The Foreign Correspondents Club of Thailand (FCCT) hosted a memorial Thursday to mark the 25th anniversary of the deaths of NBC cameraman correspondent Neil Davis and soundman Bill Latch. The two journalists were killed by military fire on September 9, 1985, while covering a failed coup attempt in the Thai capital.
Davis, who covered the Vietnam War for more than a decade beginning in 1964, was one of the most storied war correspondents of his generation. “Frontline,” a critically acclaimed 1979 documentary shown at the FCCT event, chronicled the extraordinary risks Davis took while reporting from the battlefield, including his historic footage of North Vietnamese tanks breaking through the gates of Saigon’s Independence Palace, the iconic image of the end of the war.
Veteran journalists Jim Pringle, a former Reuters and Newsweek correspondent, and Derek Williams, a former CBS cameraman and current director of Asiaworks Television, spoke about their fallen colleagues. Pringle described his time in Saigon with Davis, whom he called “the greatest overall journalist of the Vietnam War.” “It is said the first casualty of war is truth,” said Pringle, “but that was not the case with Neil.”
Williams spoke about the circumstances surrounding the deaths, recounting that Davis turned his camera on himself after being hit by shrapnel. He noted that the soldiers responsible for the attack that took their lives went unpunished. Indeed, none of the coup’s plotters–including Col. Manoon Rupekachorn, Lt. Col. Prajark Sawangjit, and Gen. Serm Na Nakorn–were ever sentenced. All were granted parliamentary amnesty in 1988.
Manoon, who later changed his name to Manoonkrit, was elected a senator in 2000, a development the FCCT protested in a letter at the time. Prajark committed suicide in 2003, on the same date that Davis and Latch were killed in 1985, according to Williams, who speculated that the former soldier’s death was related “more to cognac than karma.”
The memorial event had special poignancy given the recent deaths of Reuters cameraman Hiro Muramoto and freelance photographer Fabio Polenghi, both killed while covering armed exchanges between Thai troops and protestors in April and May. A CPJ special report found numerous indications that those responsible will not be held accountable–just as the perpetrators in Davis’ and Latch’s killings escaped accountability 25 years ago.
Prime Minister Abhisit Vejjajiva has formed a fact-finding committee to investigate this year’s protest-related deaths, but its leader, former Attorney General Khanit Na Nakorn, said in June that his panel is more concerned with promoting forgiveness than assigning blame. CPJ research found that authorities refused to make foot soldiers available for interviews with private investigators looking into the circumstances of Muramoto’s death. The government has also declined to release closed circuit footage of the area where Muramoto was shot and killed.
Williams noted that the circumstances surrounding Muramoto’s and Polenghi’s shooting deaths were less clear-cut than with Davis and Latch, but from his perspective it appears that they were killed by Thai soldiers.

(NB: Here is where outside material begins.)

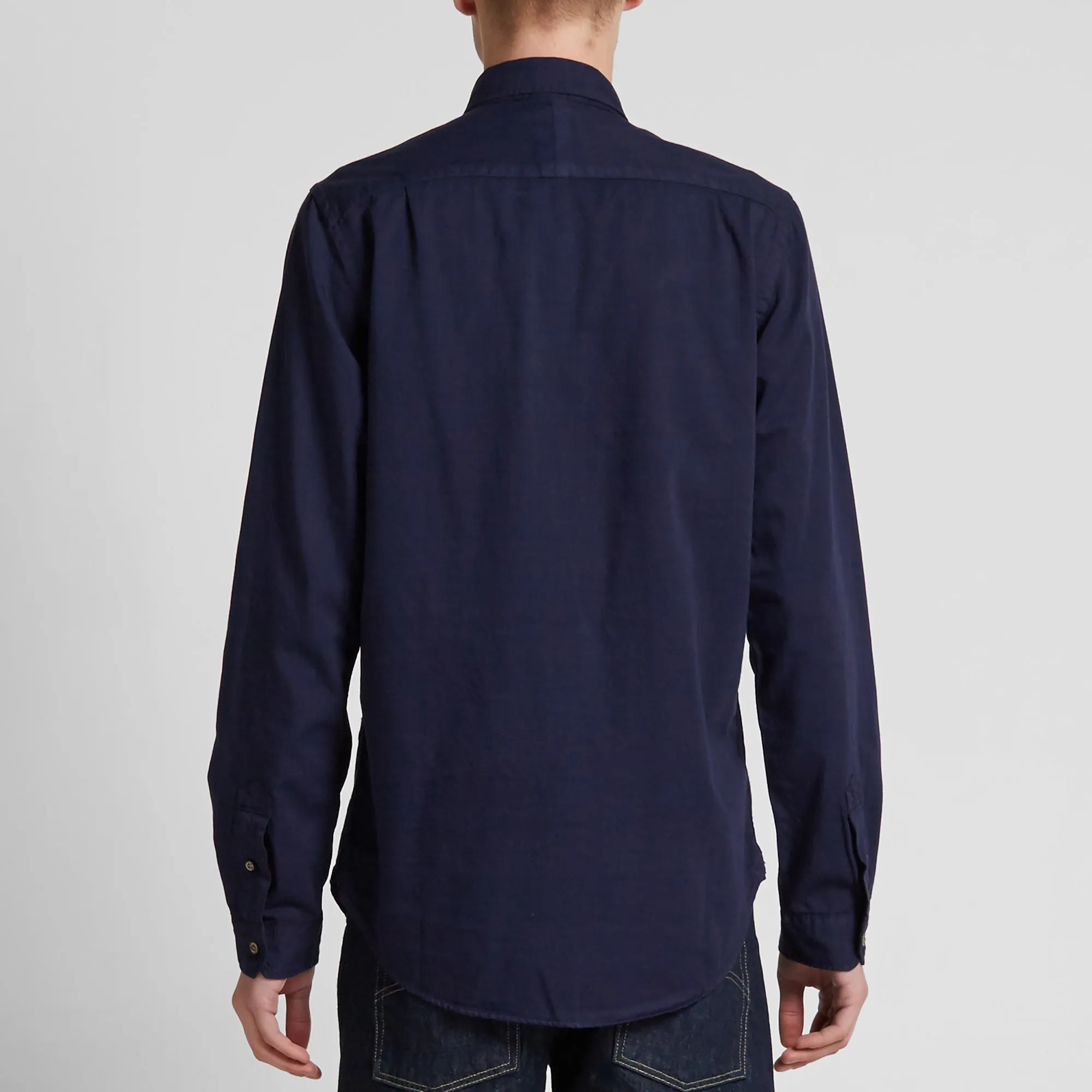 Paul Smith Button Down Garment Dyed Heavy Twill ShirtIndigo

Pringle recalled how Davis’ and Latch’s deaths had a divisive impact on the Bangkok-based press corps, including a sharp debate among reporters about whether enough had been done to pursue justice for their fallen colleagues.
Judging by the robust turnouts and impassioned presentations at recent press freedom-related events at the FCCT, including Thursday’s commemorative event for Davis and Latch, there is strong media consensus today on the need for justice.